Allein die Bildersprache zeugt von einem atmosphärischen Leckerbissen, doch richtig effektiv wird es erst durch den formvollendeten Killerscore. Die Band Transeuropa Express hat für Bidos Erstling mit ihrem Goblin-Sound-alike schon für mächtig Stimmung gesorgt; folgerichtig wollte der junge Regisseur für sein zweites Werk die Originale.
Doch Querelen mit Goblins Plattenfirma verhinderten die Pläne und Stelvio Cipriani (GROSSANGRIFF DER ZOMBIES, DER TOD TRÄGT SCHWARZES LEDER) musste einspringen. Was Cipriani mit seinen abwechslungsreichen (und übrigens von niemand geringerem als eben doch Goblin eingespielten) Kompositionen in BLOODSTAINED SHADOW bewegt, ist absolut bemerkenswert.
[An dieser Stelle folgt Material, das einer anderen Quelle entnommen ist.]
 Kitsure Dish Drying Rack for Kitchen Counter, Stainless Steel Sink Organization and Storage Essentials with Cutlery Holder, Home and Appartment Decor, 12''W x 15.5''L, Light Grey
Stimmiger geht es kaum.
An Cipirani liegt es bestimmt nicht, dass der BLUTIGE SCHATTEN anfangs nicht frei von Längen ist und uns auch nicht mit einer unbeholfenen Liebesgeschichte zwischen dem etwas blassen Capolicchio und der aus SUSPIRIA bekannten Stefania Casini verschont.
Doch nach einem leicht verhaltenen Beginn mausert sich Bidos Zweitwerk in seiner letzten Stunde zum düster-stimmungsvollen Giallo-Geheimtipp, in welchem Juliette Mayniel in der Nebenrolle als mysteriöse Signora Nardi allerdings fast mehr Eindruck als die Hauptdarsteller hinterlässt.
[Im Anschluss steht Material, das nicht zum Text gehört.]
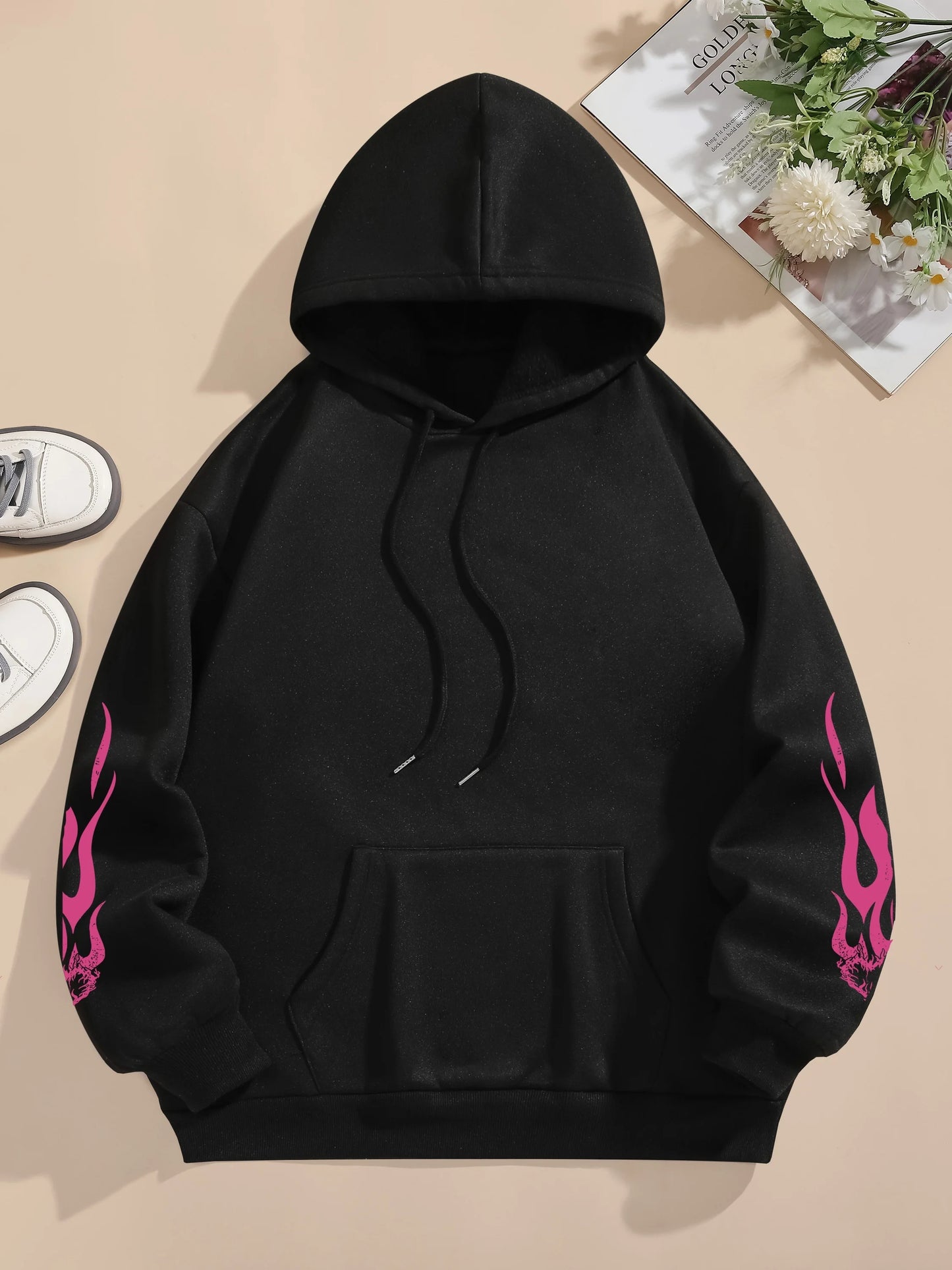 Flamme Herz Bedruckte Hoodie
Doch spätestens das Finale, welches die vielen atmosphärischen Highlights von BLOODSTAINED SHADOW mit einer tadellos morbiden Endsequenz krönt und bei welcher Cipriani auf der Tonspur endgültig einen musikalischen Triumphzug startet, merzt dann alle Scharten aus.
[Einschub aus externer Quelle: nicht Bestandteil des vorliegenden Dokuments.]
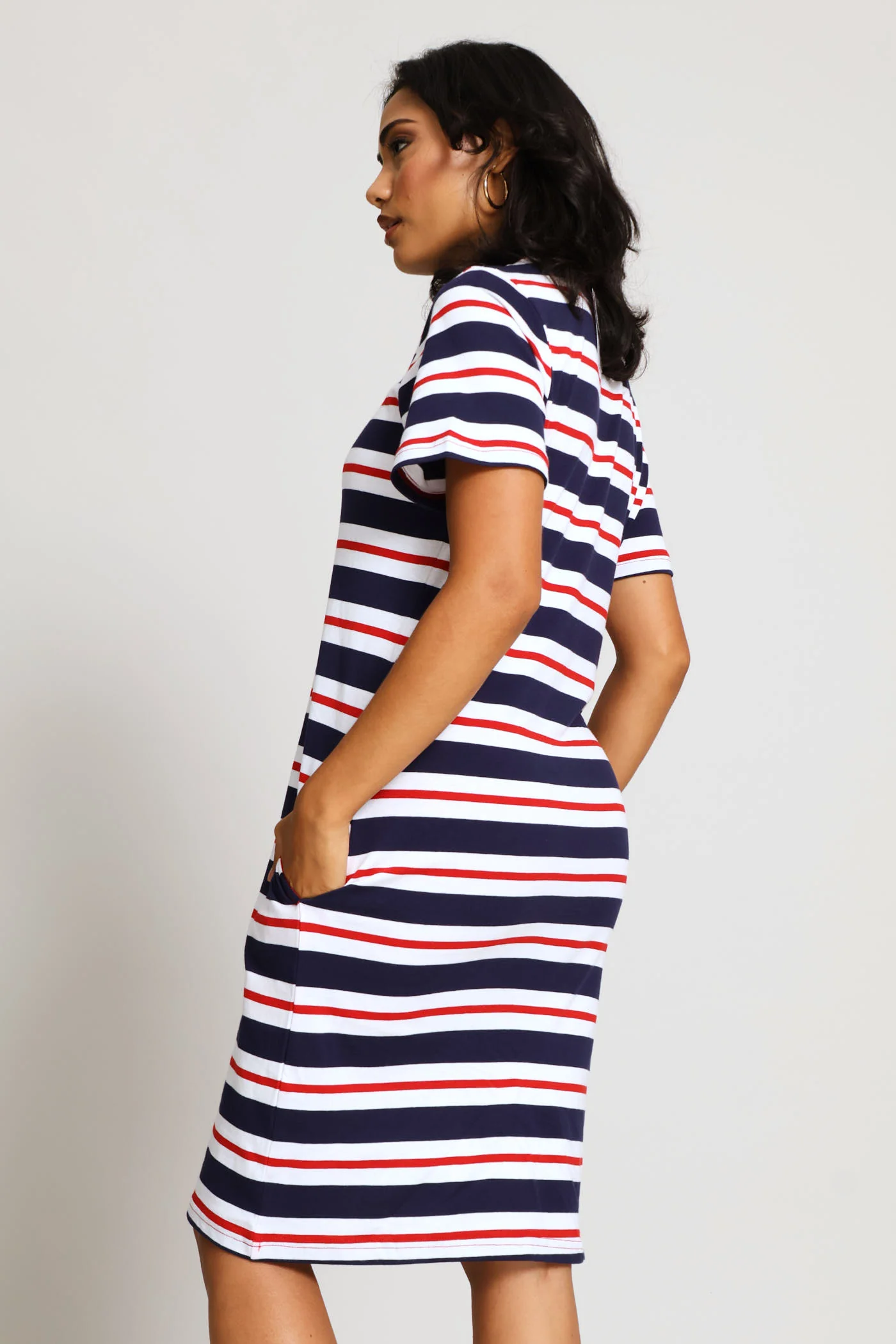 Crew Neck Stripe T-Shirt Dress - Navy/Red - Image 4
Muss man also die nach WATCH ME WHEN I KILL gefasste Meinung über Bido revidieren? Ist er doch nicht nur jemand, der seine Vorbilder gut zu kopieren versteht? Ein schlafender Riese, der für die Spieldauer von BLOOD-STAINED SHADOW kurzfristig erwacht ist?
Nun, mit derlei Prädikaten sollte man nicht allzu inflationär umgehen, doch feststeht, dass der junge Italiener mit diesen 107 Minuten seine Sternstunde erlebt hat. Allerdings war BLOODSTAINED SHADOW zugleich Höhe- und Schlusspunkt seiner Karriere. Bido ist längst in der Versenkung verschwunden und bis dato nicht mehr aus der selbigen aufgetaucht.
Alle Küren am Start: Schwarze Mörderhandschuhe, Drohbriefe und erhängte Puppen. Die letzte Stunde ist Atmosphäre pur. Der Score von Stelvio Cipriani: Killer, Killer, Killer! Bidos Paten Argento und Avati dürfen dem sehenswerten BLOODSTAINED SHADOW High five geben.